Emphasis on public sector
The Marin government’s reform proposal rejects the previous government's model of so-called freedom of choice, which essentially made more room for private providers in the system.
In the current scheme, the main responsibility for organising and providing services would lie with the public sector.
"The regional authorities can buy social and health care services from private sector providers although overall [services] will primarily be in public hands," Kiuru said, adding that conditions for using private providers are still being ironed out.
Ministry officials said that procurements should not include services related to organisational responsibility or the exercise of public power, social emergency services or emergency care, or the provision of round-the-clock health care.
Private providers can however perform tasks involving public authority, if other laws allow. For example, the proposed regional health authorities will be able to hire workers from private sector firms. However they will have to ensure that they retain responsibility for organising tasks.
The minister also noted that some current outsourcing contracts do not fulfil the criteria required by proposed new legislation associated with the reform package. She said that government will lay down criteria for voiding those agreements.
Regional elections in 2022?
The new reform proposal will be sent out for commenting from mid-June and government aims to bring a package of reform-related legislation to Parliament in December at the latest, the minister said.
"After that the timetable will be in the Parliament’s hands," she added.
Government will set up temporary arrangements before transitioning to the fully-empowered regional authority system, health officials said at the press conference.

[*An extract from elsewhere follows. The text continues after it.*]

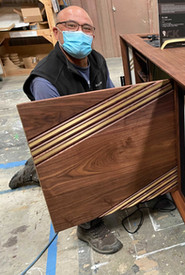 Tito_Netflix_Credenza.jpeg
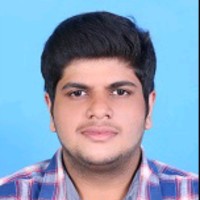 Manish Damodaran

It could for example, nominate a special preparatory organ for the purpose.
According to the government’s plan, regional elections to appoint leaders of the new authorities could take place in early 2022, but Kiuru stressed that this schedule also depends on lawmakers.
If it does hold however, social and health care regional councils could begin their work in March 2022, while the authorities themselves would begin operating in early 2023.
Workers' status critical
The minister said that the reform package will result in major personnel changes. "It is the largest business handover in history. It will affect health care as well as emergency operations," she added.
She added that safeguarding the status and skills of workers in the sector is critical.
Kiuru said that government is no longer looking to save three billion euros so it would have more room to manoeuvre as it distributes 18 billion euros in funding.
Edit: Updated at 3:48pm to adjust the number of regional authorities from 21 to 13, according to the Ministry for Social Affairs and Health.